The 2012 season was the Kansas City Chiefs' 43rd in the National Football League (NFL), their 53rd overall and their first and only full season under head coach Romeo Crennel, who had served as the interim head coach for the final three games of the 2011 season following Todd Haley's termination. The Chiefs failed to rebound from their 7–9 record in 2011, and were eliminated from playoff contention in Week 12. Although they shared the same 2–14 record as the Jacksonville Jaguars for the worst record of the season, the Chiefs had a lower strength of schedule, so they were awarded the first pick in the 2013 NFL Draft.

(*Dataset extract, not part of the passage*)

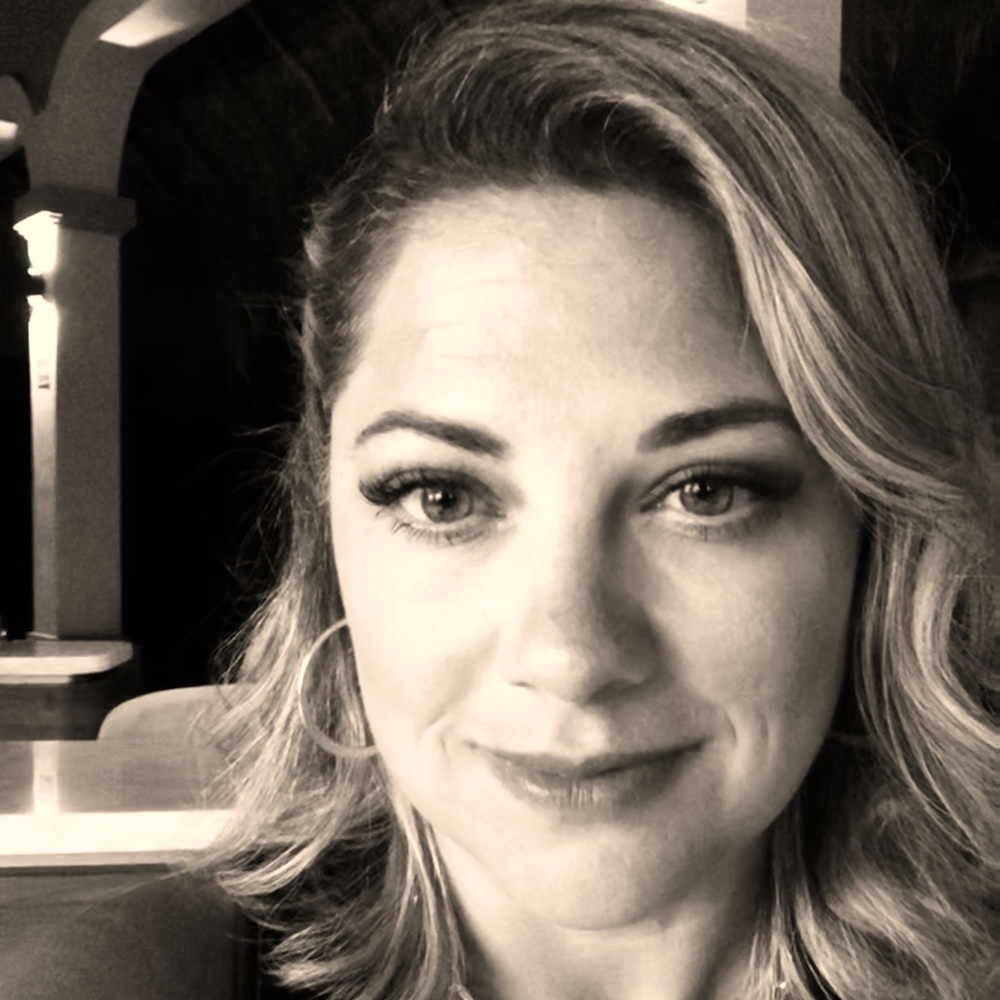 Meet your Posher, Teri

The Chiefs went 0–12 against AFC opponents in 2012; their only wins of the season were from NFC teams, against the Carolina Panthers and New Orleans Saints. In 2017, ESPN.com named the 2012 season the Chiefs’ worst in franchise history. The season remains, as of 2023, the most recent season that the Chiefs had a losing record.

On December 1, 2012, the day before the Chiefs' week 13 game against the Carolina Panthers, linebacker Jovan Belcher murdered his girlfriend then drove to Arrowhead Stadium where he killed himself in front of Crennel and general manager Scott Pioli. The Chiefs held a moment of silence for domestic violence victims and the teams met for a prayer on the field prior to the game.

Season summary
The 2012 team tied the 1977 (2–12) and 2008 (2–14) teams for the franchise worst seasons in terms of fewest wins. The 2008 and 2012 seasons were the worst in terms of win percentage (.125) in franchise history.

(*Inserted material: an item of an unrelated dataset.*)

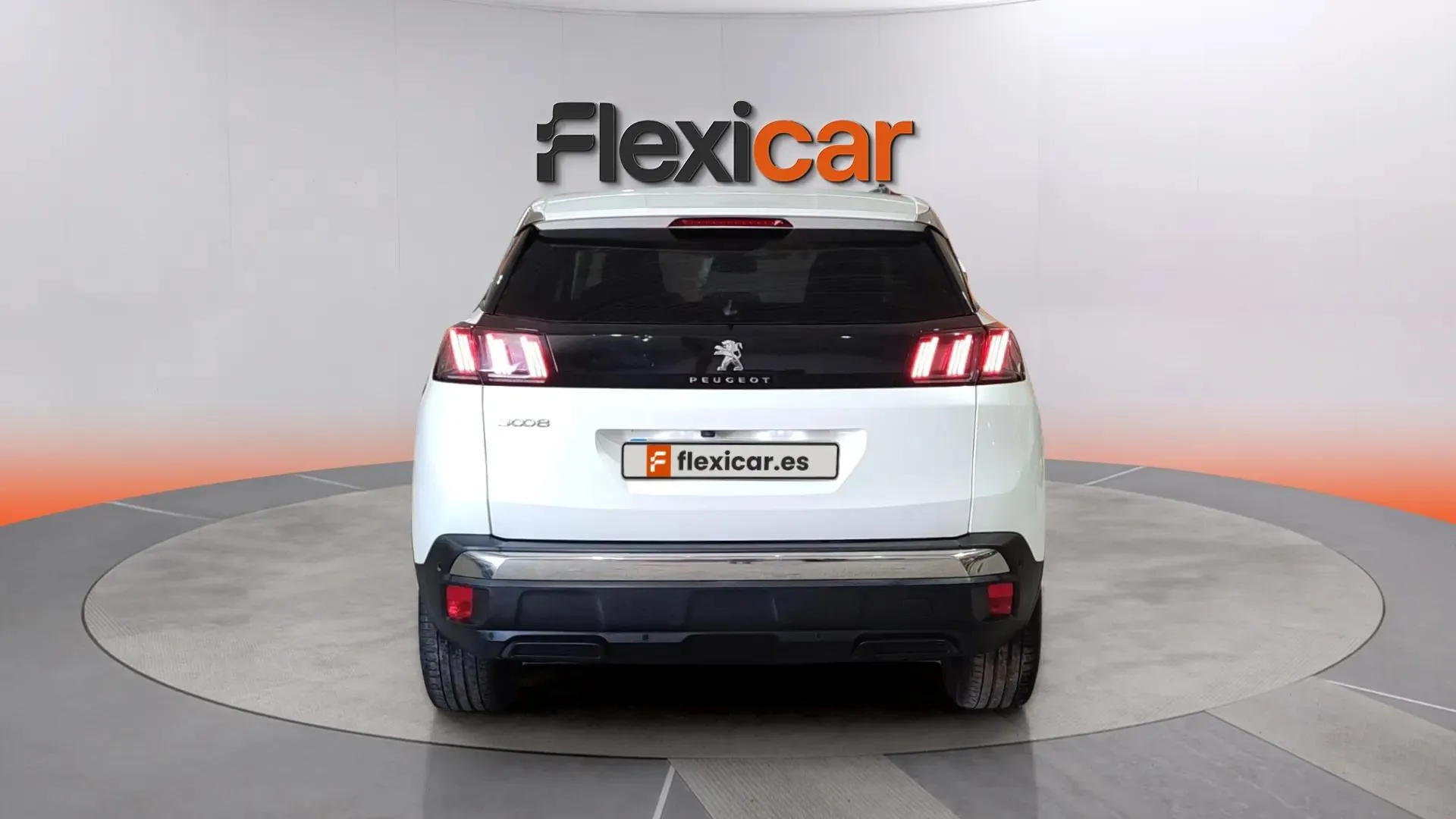 Peugeot 3008 1.2 PureTech Allure EAT8 - foto 5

They tied with the Jacksonville Jaguars for the NFL's worst record. The Chiefs had the number 1 pick in the 2013 National Football League Draft based on strength of schedule. It was the second time in franchise history the Chiefs have had the #1 pick.

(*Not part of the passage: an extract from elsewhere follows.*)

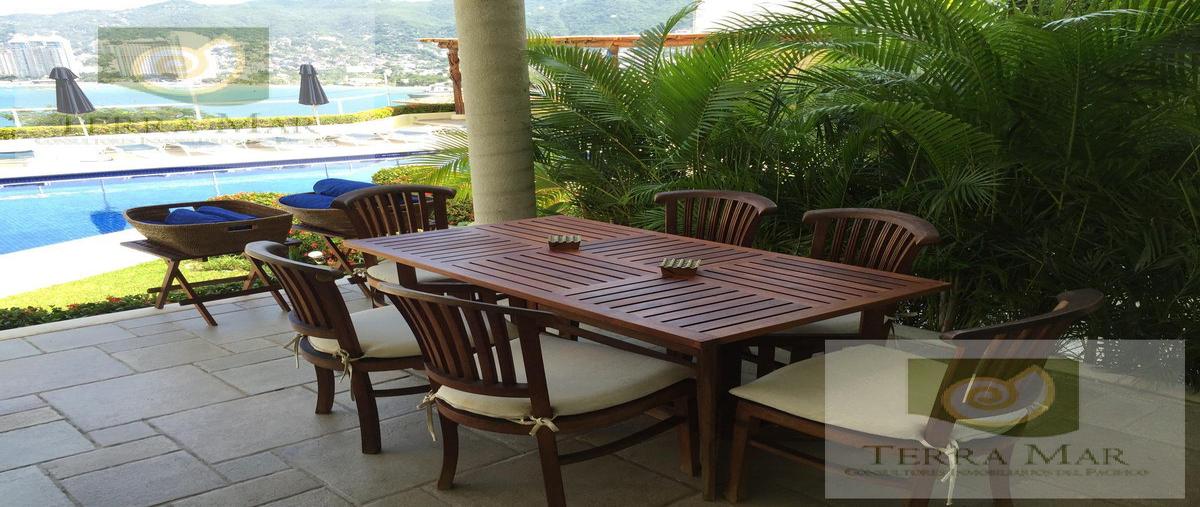 Foto de departamento en venta en  , playa guitarrón, acapulco de juárez, guerrero, 31057046 No. 03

Kansas City suffered from quarterback controversy all season. The Chiefs were tied with the Arizona Cardinals for most interceptions (20) with Matt Cassel throwing 12 and his late season replacement Brady Quinn throwing 8.

The Chiefs started the season tying the 1929 record of Buffalo Bisons for most games without ever leading in regulation (8 games). The Chiefs did defeat the Saints in week 3, but didn't lead until their game winning field goal in overtime. The Chiefs broke the streak in Week 10 against the Pittsburgh Steelers when they led 10–0 in the second quarter before losing the game 16–13 in overtime. In Week 4, the Chiefs had six turnovers in a loss to San Diego. Chiefs tackle Eric Winston claimed Kansas City hometown fans cheered the injury of quarterback Matt Cassel in a Week 5 loss to the Baltimore Ravens calling it "Sick", however fans claim it was because Brady Quinn was seen coming onto the field and were cheering for him. Fans formed the "Save Our Chiefs" organization. They wore black to games to protest and hired an airplane to fly over Arrowhead Stadium on game days towing a banner that read, "Restore Hope: Fire Pioli." When asked why running back Jamaal Charles carried the ball only 5 times in a week 8 loss to the Oakland Raiders, Romeo Crennel responded "Now, that I'm not exactly sure, either." In Week 15, the Chiefs didn't have a first down until the third quarter in a loss against Oakland. In Week 16, the team rushed for a franchise record of 352 yards against the Colts and still lost the game. In Week 17, the Chiefs matched the 1981 Baltimore Colts season record of losing 9 games by 14 points or more in one season as the Chiefs lost to Denver.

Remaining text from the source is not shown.